The usage of fundamental analysis in stock trading is a point of debate among many investors and traders. Some question the efficiency of its usage, as well as its effectiveness.
However, there is no denying that many successful investors and stock traders achieved their success in part by the use fundamental analysis.
What is Fundamental Trading?
The fundamental way of valuing a company is gotten by the usage of an in-depth study of the economy, the industry, and the company itself.
The goal of the trader in using this strategy is to know the next developments in the market as well as the company’s stock’s intrinsic or true value.

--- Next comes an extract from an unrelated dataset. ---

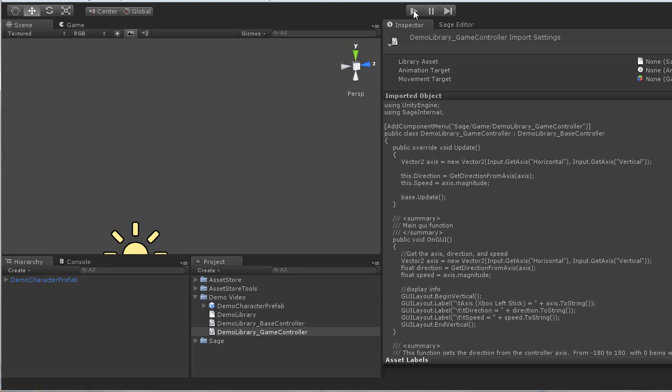And that is how quick it is to use Sage to create and control your character's animations both visually and easily. That concludes the game implementation walkthrough. For more information, please check our website. Thank you for using Sage. I truly hope you enjoy it. Feel free to let us know if you have any questions at all.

For the trader, the trick is to find which stocks are under- or overvalued. With a successful analysis, the trader will find investment opportunities that have not yet been recognized by the market as a whole. This uncovering can then help the trader to make an investment that reaps profits.
The trader can study the current economic environment at which the company operates. This operation includes analyzing local and international events that can affect the business and the company’s stock price.
It would help the trader to study:
- Any regional conflicts
- Macroeconomic factors that could affect the company’s pricing structure
- Interest rates
- Industry outlook
- Disruptive events or factors that could adversely impact the niche of the company
After studying the larger economy in which the company operates, the next step is to turn the focus into the company itself.
The trader needs to have a clear understanding of the company’s business model, which is also the way the company makes money.
To do this, the trader needs to review the company’s financial statements. He or she also has to examine the cash flow statements, income statements, and balance sheets of the company.
In this process, the primary goal is to find clear signs of growth. At the same time, it’s wise to look for signs that the company’s management is effective.
Lastly, the trader needs to find the company’s competitive advantage, if any, and see whether it could propel the company into profitability and stock price appreciation.
Another very crucial step in fundamental trading is the analysis of the company’s competitor. In doing this, the trader needs to analyze competing businesses in the way that he or she analyzed the company in which he or she plans to invest.
The trader needs to compare his or her findings for both the target company and its competitors. Afterward, he or she will rank all of the potential investments he or she could make.
In this process, the trader gains a lot of advantages. He or she will be able to see if the company is a better investment than the others, or if the opposite is true.
Sometimes, the competitors are winning the game for good reasons. Or maybe, the underdog has a great potential to become the champion in a couple of months or years.
Lastly, the trader may even find out that none of these companies are worth investing in, so he or she can move on to the next opportunity.